MfFOµ. - Je ne reconnais rien ; je n'ai point parlé de journées de travail. Gardez tout cela pour vous. Ce sont de pures inventions.
M. Coomans. - L'argument reste toujours pour moi ; c'est-à-dire qu'il y a deux fois plus de journées de travail perdues en Belgique qu'en Suisse, pour cause de militarisme.
L'honorable ministre a fait un grand éloge de l'honorable M. Delfosse. Il nous a même assuré que l'honorable M. Delfosse était un citoyen modèle et il nous a lu, en guise de leçon, quelques paroles de l'honorable M. Delfosse.
Messieurs, je m'associe de bon cœur aux justes éloges faits à cet égard de l'honorable M. Delfosse.
Mais il m'est bien permis de faire remarquer que l'honorable M. Delfosse a toujours voté contre le budget de la guerre ; que M. Delfosse n'a pas seulement approuvé l'opposition que j'y faisais, mais qu'il m'a dix fois excité à la faire plus vive encore.
Or, si l'honorable M. Delfosse est un citoyen modèle quoique ayant toujours voté contre le budget de la guerre, comment suis-je un mauvais patriote quand je fais, dans la mesure de mes forces et modérément ce que l'honorable M. Delfosse faisait avec beaucoup plus d'autorité que moi.

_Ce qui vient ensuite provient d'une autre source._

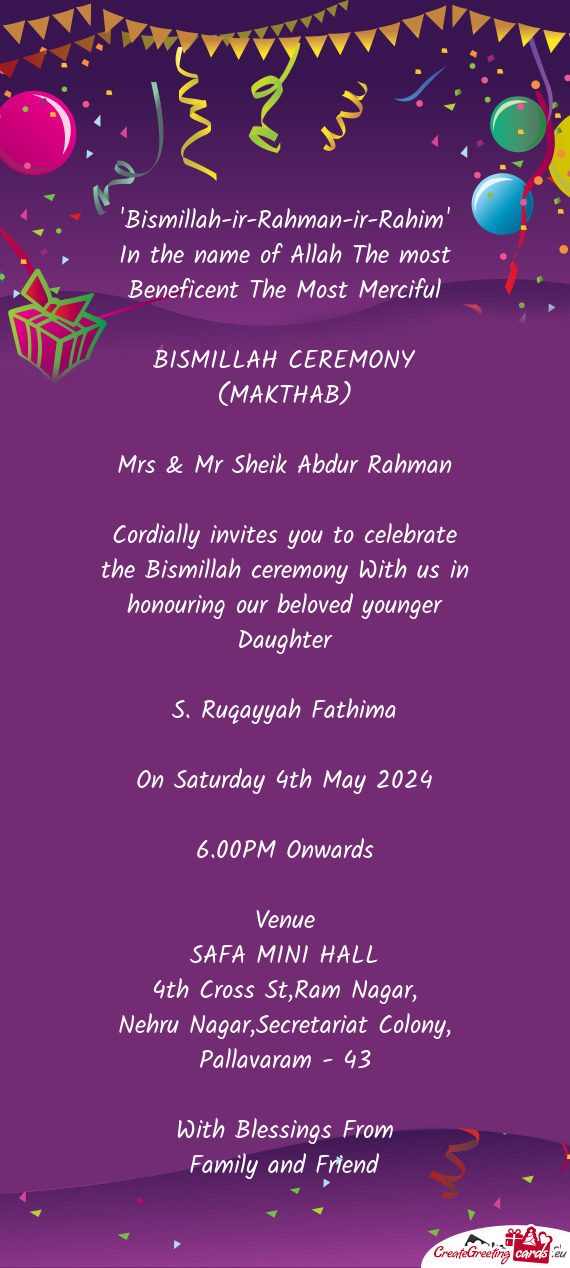 BISMILLAH CEREMONY (MAKTHAB)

Ah, messieurs, l'honorable M. Delfosse était un excellent citoyen, je puis le dire, j'en sais quelque chose, du moins à mon point de vue.
Maintes fois il a dit sur le militarisme des choses que j'oserais à peine répéter ici ; il m'a félicité le jour où lui et moi nous avons manifeste notre répugnance d'aller à la cour avec une épée à notre côté.

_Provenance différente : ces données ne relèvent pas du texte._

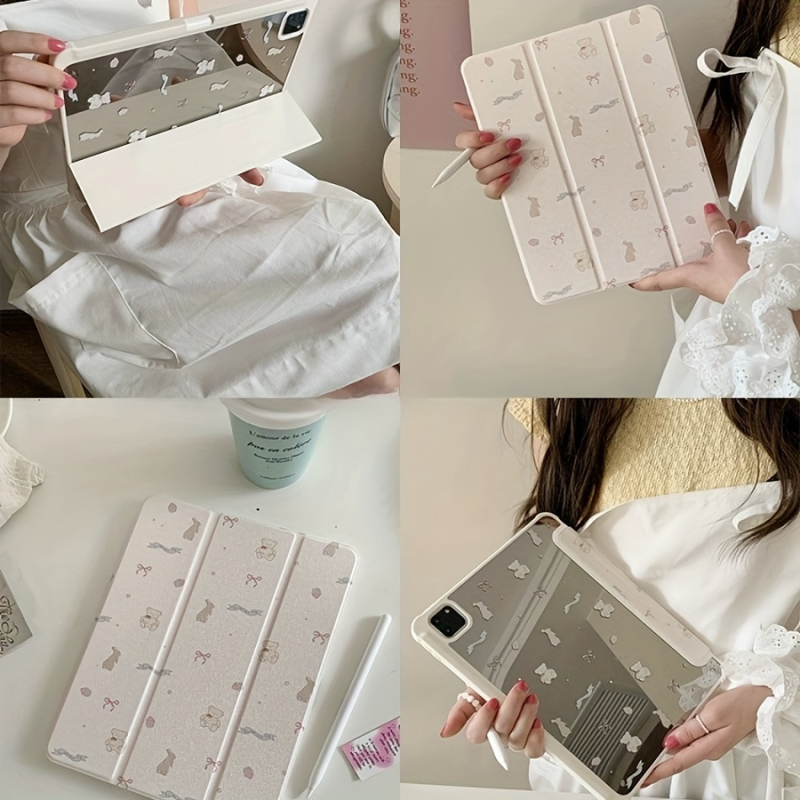 Защитен калъф за таблет с мотив мечка и огледално покритие за iPad Pro — PC материал, подставка, функция за сън, спрей финиш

M. Allard. - Vous y avez été avec une épée au côté.
M. Coomans. - Il m'a encouragé à persévérer dans ce refus, dont nous sommes revenus l'un et l'autre, sans question de cabinet. (Interruption.)

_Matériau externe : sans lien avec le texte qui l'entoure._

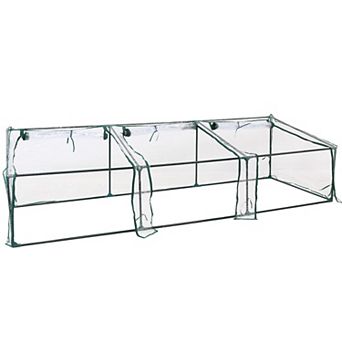 Sunnydaze Iron PVC Cover Mini Slant Cloche Greenhouse with Zipper - Clear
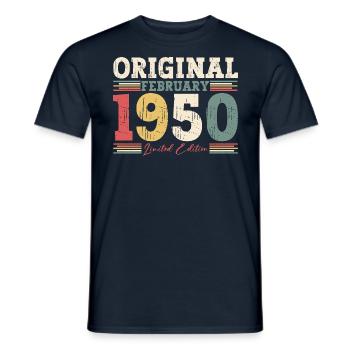 75ème anniversaire cadeau mari Original février 1950 - T-shirt homme - marine - Devant - AI Model Male 178 light (178cm)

Mais, dit l'honorable M. Frère, vous craignez qu'une bonne armée de 50,000.à 100,000 hommes n'allèche les convoitises guerrières de l'étranger et que nous ne soyons d'autant plus exposés à l'annexion que l'étranger éprouvera un plus vif désir de s'adjoindre notre belle armée. Alors, ajoute M. Frère, comment osez-vous demander une armée de 400,000 à 500,000 hommes ? Est-ce qu'une armée de cette importance ne paraîtra pas un motif d'annexion bien plus alléchant ? Mais, voici l'extrême et visible différence.
C'est qu'une armée permanente organisée comme telle est facilement annexée.
On annexe vite des armées permanentes. Cela s'est toujours fait, cela se fera encore, mais on ne s'annexe pas des nations armées. cette armée de 400,000 à 500,000 hommes ne vaudrait rien au loin au service de l'étranger ; elle déserterait le lendemain et elle ferait bien. (Interruption.)
Il m'est permis à moi de rendre hommage à l'honorable M. Delfosse, parce que sur cette question-ci, je professe les mêmes idées que les siennes et si son patriotisme est un patriotisme modèle, encore une fois comment peut-on trouver le mien insuffisant ?
Messieurs, l'honorable M. Frère avoue qu'on a souvent craint d'engager trop les finances de l'Etat. Donc il ne peut reprocher à personne de se préoccuper des convenances financières du pays.
Autre argument encore. Quand nous nous plaignons des énormes sacrifices financiers que l'armée nous a arrachés depuis 1830, à coup sûr inutilement depuis 1839, l'honorable M. Frère nous répond : « Mais ne faut-il pas porter aussi en ligne de compte le budget de la justice, tout au moins quant aux appointements des juges, de tout le personnel des tribunaux, de la gendarmerie, comme vous le faites pour les officiers de l'armée ?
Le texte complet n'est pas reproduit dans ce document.